# Work to be completed:
Set down the full listing exactly as given. Any pictures are to be left out.

***** Dataset content *****

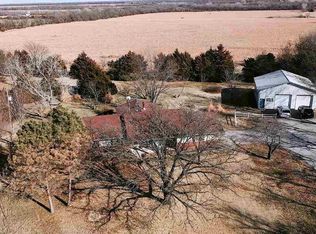 9240 S Greenwich Rd, Derby, KS 67037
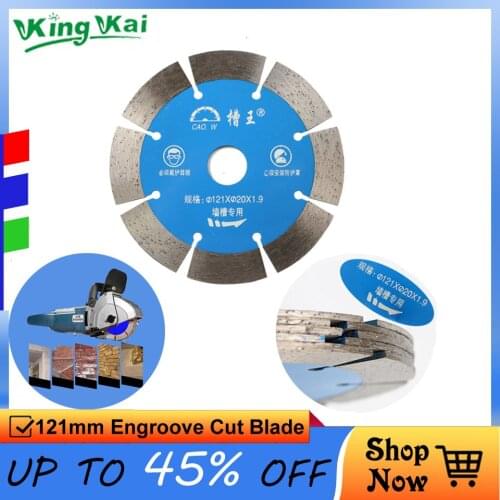 0.8mm 110m Length Original Steel Rebar Tying Machine Wire Roll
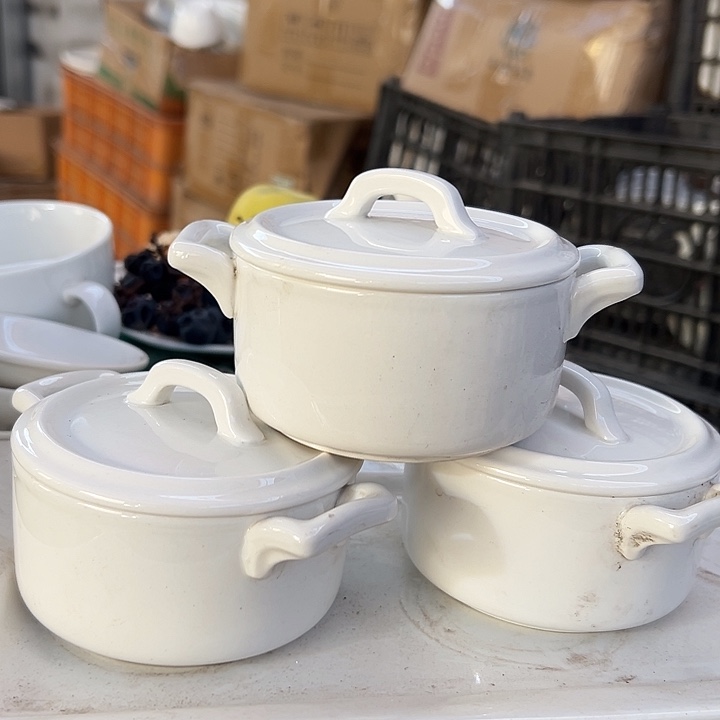 国营尾货骨瓷yiyib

*****

# Result of this task:
 9240 S Greenwich Rd, Derby, KS 67037
 0.8mm 110m Length Original Steel Rebar Tying Machine Wire Roll
 国营尾货骨瓷yiyib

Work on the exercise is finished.